* [Your instructions]
Output the data below only from the line containing "Möbliertes Studio im" up to and including the line containing "Volkswagen T6.1 California", exact and with the pictures left out.

* [Data shown]

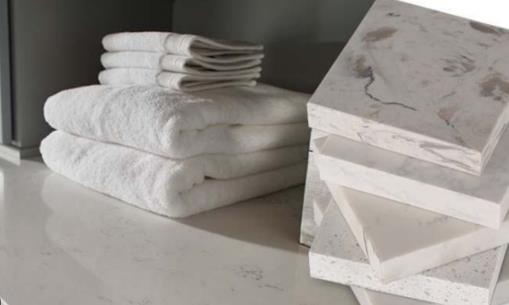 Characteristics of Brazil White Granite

* * *

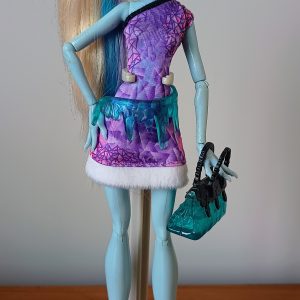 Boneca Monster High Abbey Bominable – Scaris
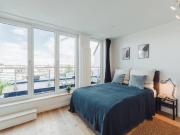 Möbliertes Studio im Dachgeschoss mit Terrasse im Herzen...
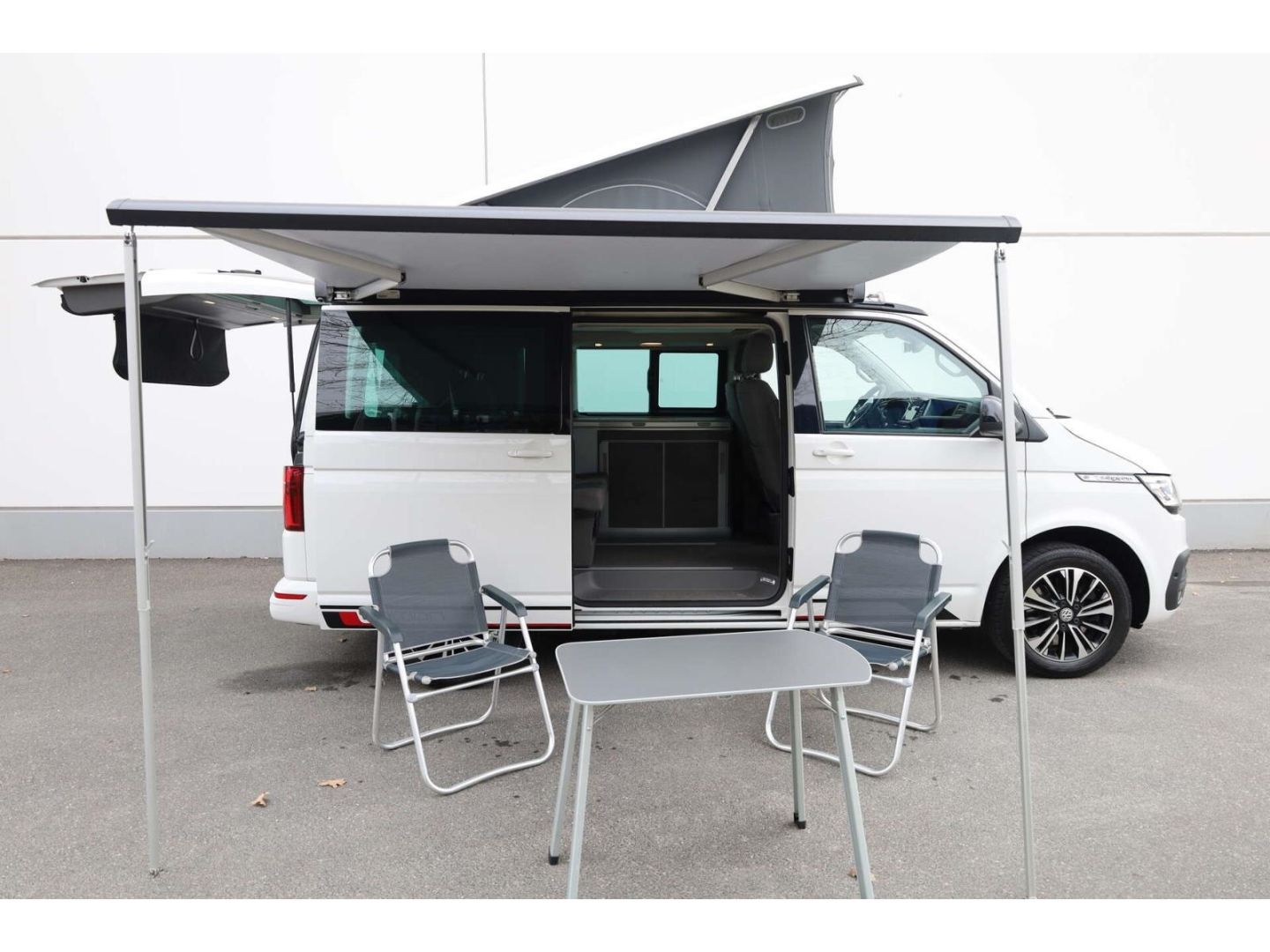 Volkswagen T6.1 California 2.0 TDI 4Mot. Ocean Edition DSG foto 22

* [The completed task]
 Möbliertes Studio im Dachgeschoss mit Terrasse im Herzen...
 Volkswagen T6.1 California 2.0 TDI 4Mot. Ocean Edition DSG foto 22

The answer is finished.